Energiekrise verführt zum Horten
Preise gehen „durch die Decke“: Wird Brennholz im Wasserburger Land jetzt zum neuen Klopapier?
Brennholz verzweifelt gesucht: Die Lager sind leer, die Preise explodieren. Die Menschen im Wasserburger Land rüsten sich für einen schwierigen Winter. Das hat Folgen - sowohl für die Kunden als auch für die Händler.
Wasserburg/Haag/Edling – Alexander Graßl nennt es den „Klopapiereffekt“: Die Bürger horten diesmal nicht das für die Toilettenhygiene so wichtige Papier, sondern Brennholz, berichtet der Geschäftsführer der Waldbesitzervereinigung (WBV) Wasserburg-Haag.
Wer vor dem Ukraine-Krieg fünf Ster für den Winter bestellt habe, frage derzeit häufig zehn nach.
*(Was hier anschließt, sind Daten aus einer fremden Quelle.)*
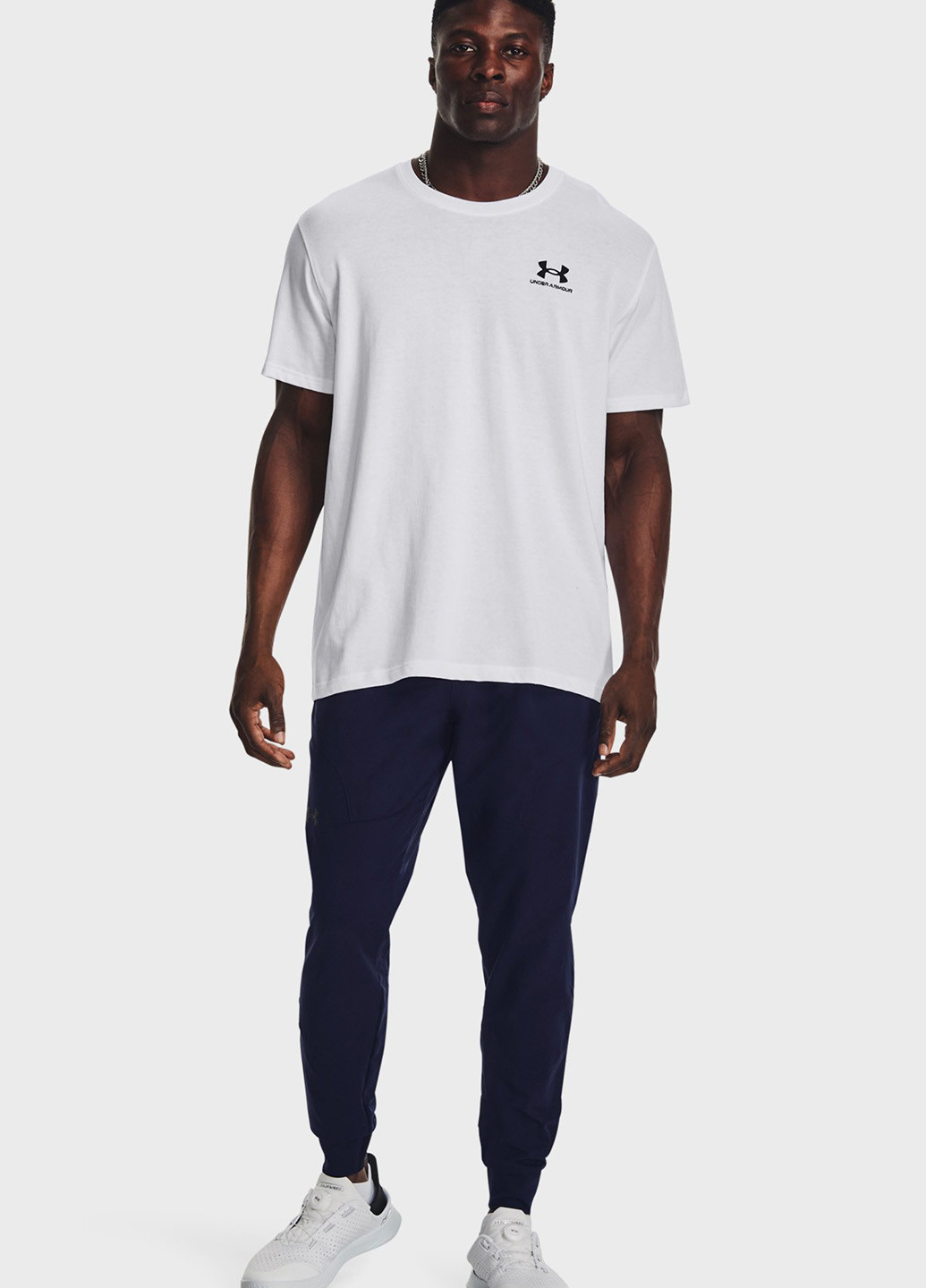 Темно-синие спортивные демисезонные джоггеры брюки Under Armour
Für den Fall, dass Öl und Gas ausgehen, wird so oft vorgesorgt, berichtet Graßl.
Preise gehen teils durch die Decke
Die starke Nachfrage wirkt sich auf die Preise aus, „die gehen zum Teil durch die Decke“, sagt der WBV-Geschäftsführer. Als Richtwert für einen Ster (Raummeter) Holz, der ofenfertig ist, steht in der Brennholzbörse der WBV-Mitglieder, die ihr Kaminholz selber vermarkten, für Buche und Eiche 130 Euro. Doch im Münchener Umland gibt es schon Lieferanten, die 200 Euro verlangen, berichten Waldbauern. „Der Markt ist in einigen Bereichen fast leergefegt“, sagt Graßl.
Das bestätigt auch Robert Kaindl, Brennholzhändler aus Edling. „Ich bin komplett ausverkauft“, bedauert er. Kaindl muss selbst Stammkunden derzeit absagen – eine Entwicklung, die ihm große Sorgen bereitet, „denn ich kann nur hoffen, dass sie mir trotzdem treu bleiben“.
Händler fordert Planungssicherheit
Die Nachfrage sei so groß wie noch nie zuvor: Ständig klingele das Telefon, sogar Anrufer aus dem Großraum München seien dabei. „Die fragen nicht mal mehr nach dem Preis, die sagen, sie würden alles zahlen. So etwas habe ich noch nie erlebt“, so Kaindl.
„Sehr frustrierend“ sei derzeit die Situation, denn nachkaufen, das sei einfacher gesagt als getan. Holz sei ein nachwachsender Rohstoff, er brauche seine Zeit. Ein Waldbauer, der heute pflanze, tue dies für seine Kinder und Enkel. Erst sie könnten die Ernte einfahren.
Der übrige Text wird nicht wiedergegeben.